In a sermon my old Pastor today said that you have to have healthy boundaries even with your parents. You can love them from a distance. But I am not going to live in your lie. He said that strongly... He must know how that feels to be in the position of wanting to love and forgive others despite their actions and attitudes. But also having healthy barriers and relationships with those same people.
As Christians we are called to love and forgive. But we are not called to be anyone 's doormats or dump truck drop off spot. Here is all of my negativity. I saved it for you. Here you go my friend. No you are not my friend. Either you are for me or you are against me. And you are not for me.
But I hope and pray that you come to yourself. And you can understand the things that you are doing do not demonstrate to me that you love, care or for me in my life.
This is the good news about the heartbreaking and disappointing things that I have seen in my life from people who called me friend and even closer relationships. Even though your mother and your father forsake you. God is there. God is a friend who sticks closer than a brother! And there is nothing that will separate me from the love of God. God has shown himself faithful. And I have learned to depend on JESUS even more.

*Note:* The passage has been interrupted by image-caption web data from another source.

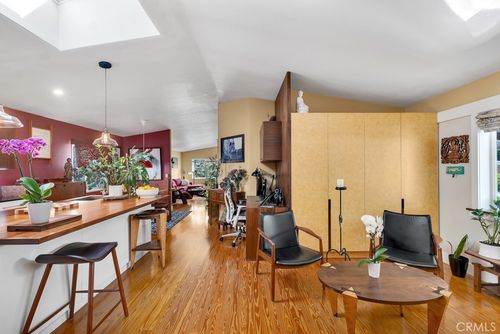 171 Comanche, Topanga, CA, 90290-4427 | Card Image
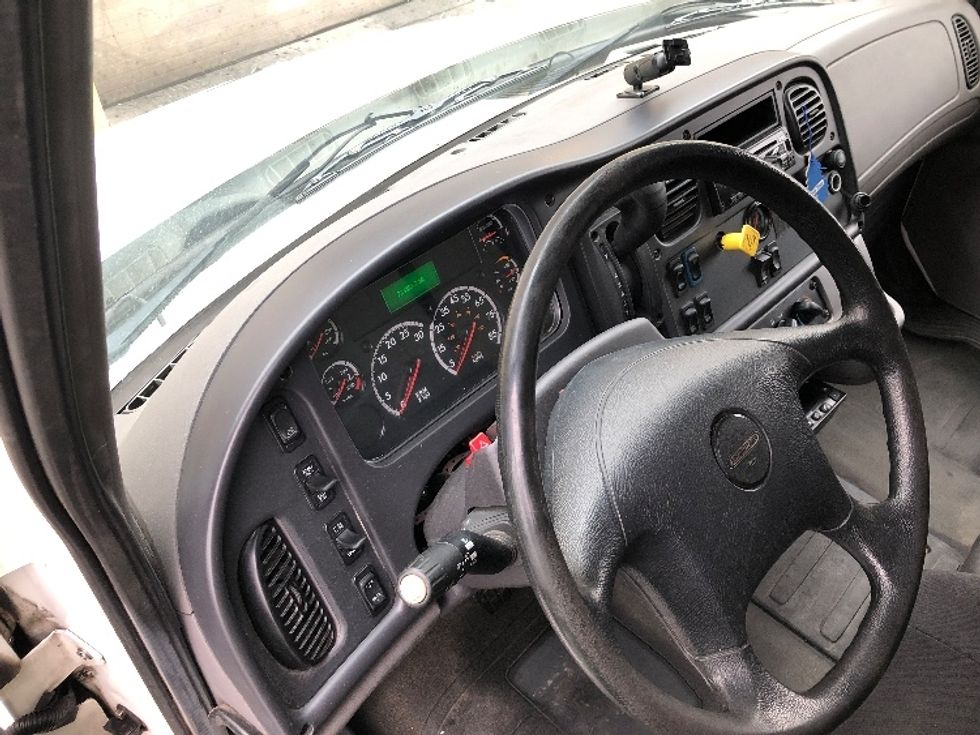 Refrigerated Truck-Light and Medium Duty Trucks-Freightliner-2019-M2-Spokane Valley-WA-223,502\n\t\tmiles-$ 42,500 - Image 17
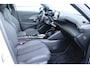 Peugeot 2008 1.2 HYBRID 136PK GT PACK AUTOMAAT / NAVI / LEDER / CLIMA / LED / PDC / 17" LMV / KEYLESS / 360° CAMERA / ADAPT. CRUISECONTROL / 1E EIGENAAR / NIEUWSTAAT !!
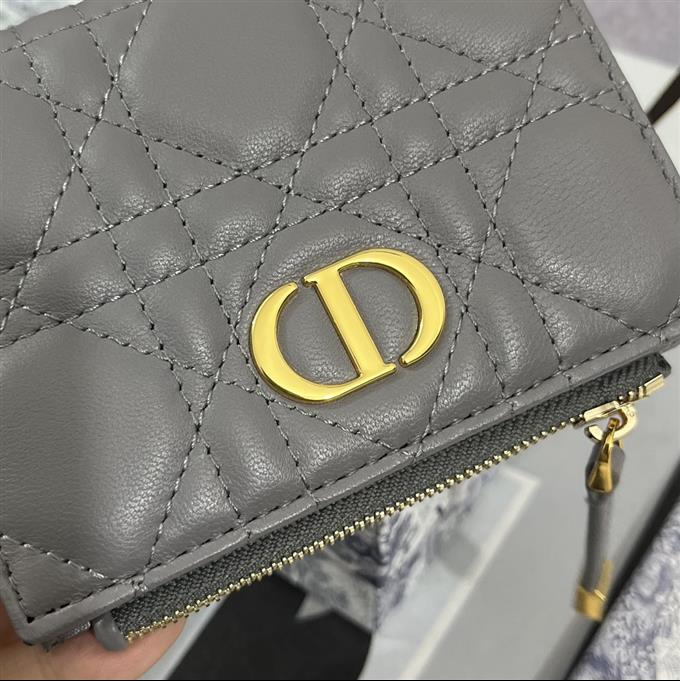 2025228Y 220P182144799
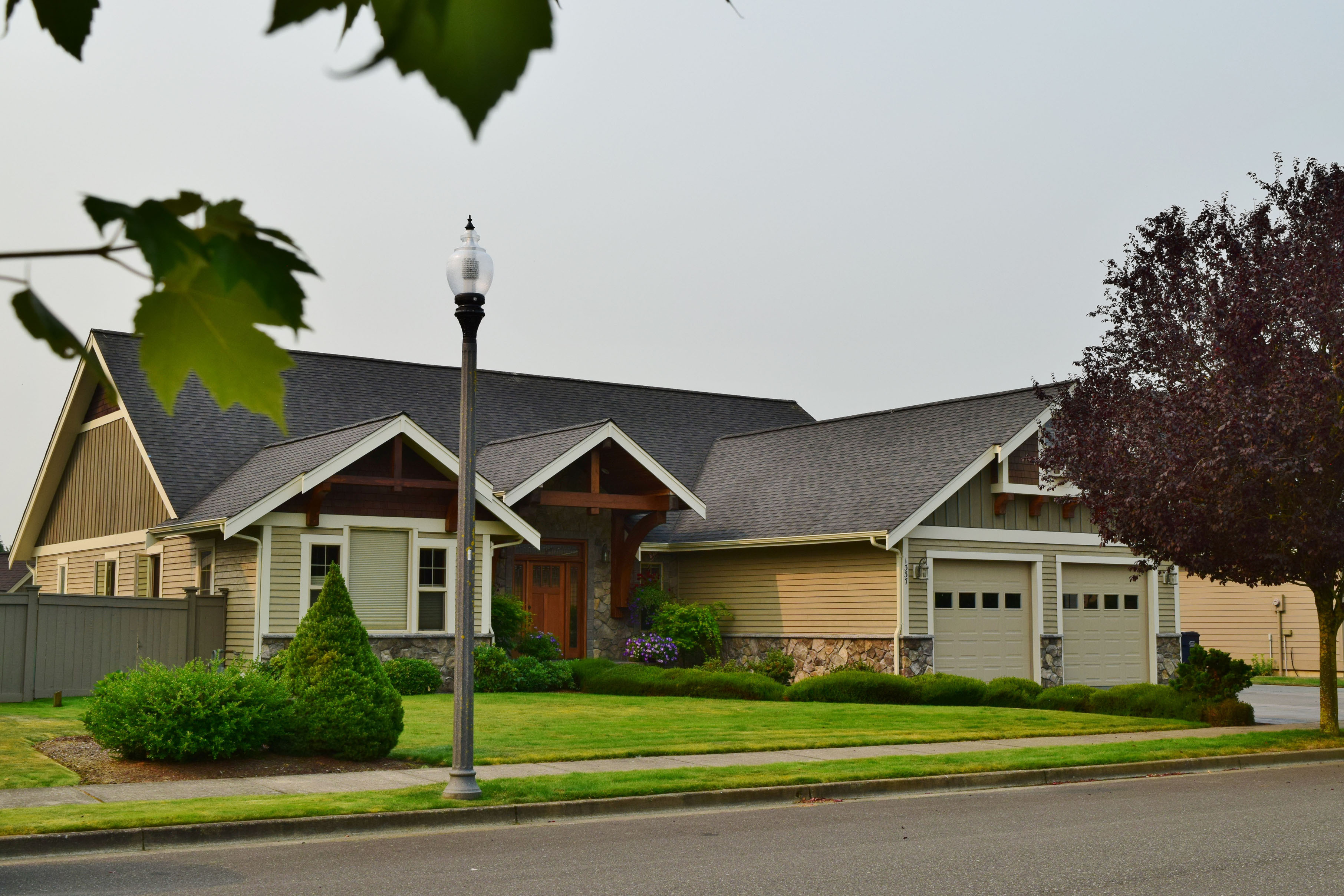 Property Photo: Exterior Views 1337 W Park St WA 98264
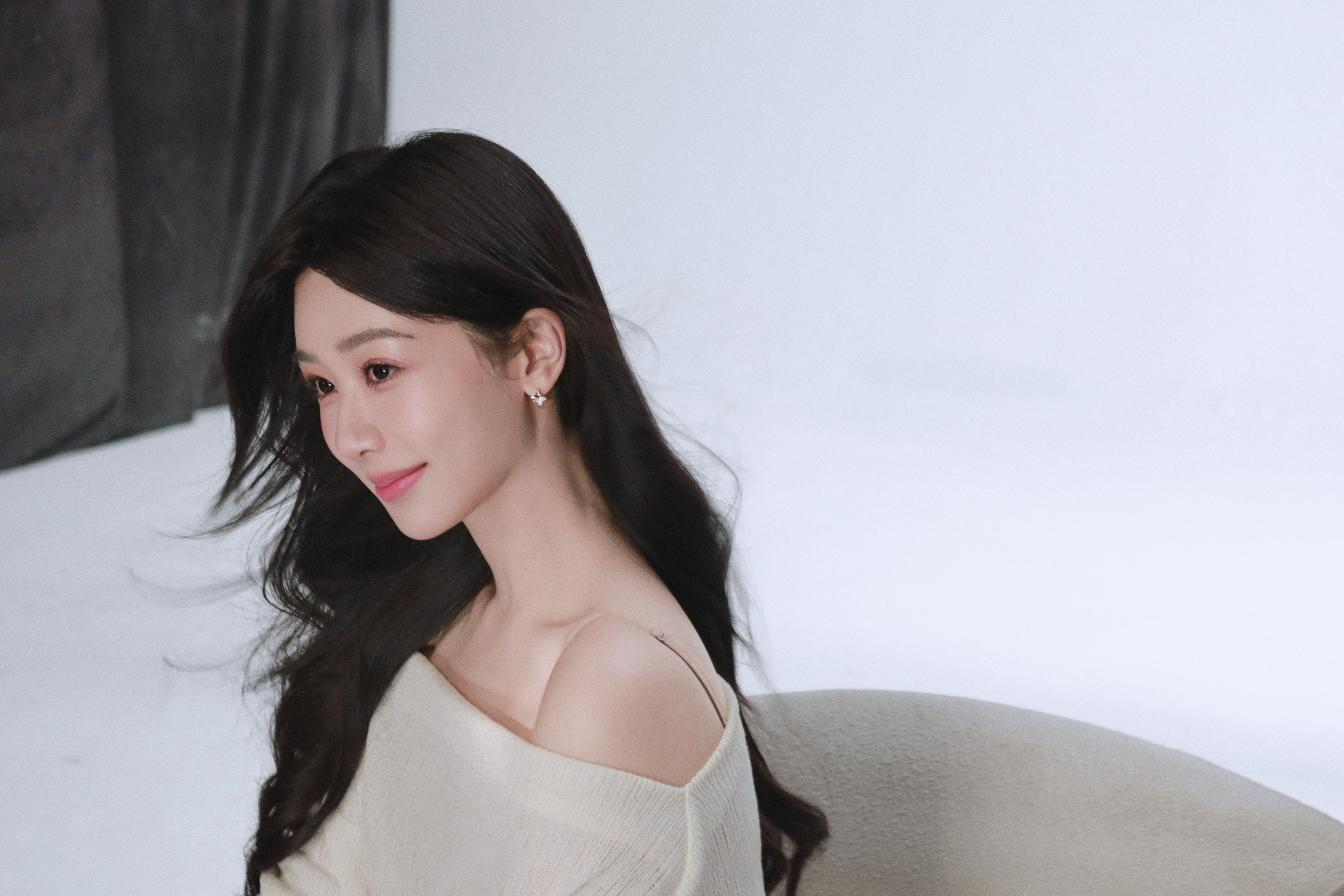 杨紫长发白裙造型，初春的阳光勾勒自然轮廓，自在享受自洽于心，温柔大方的气质太迷人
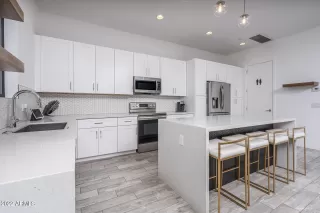 Photo #6: 6374919 Listing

Jesus became more personal and relevant in my life. As I prayed to him about my problems. I could not talk to anyone at times. Or you just get tired of telling other people about your problems. Or they get tired of hearing it. No judgement there..... It has been 14 years for me. But I learned that I could talk to people a lot less. And I could and should talk to JESUS a lot more. I could give these things to JESUS. And use the tactics of love, forgiveness, communication, but also not compromise my standards and faith all at the same time. And that God would pull me through every situation.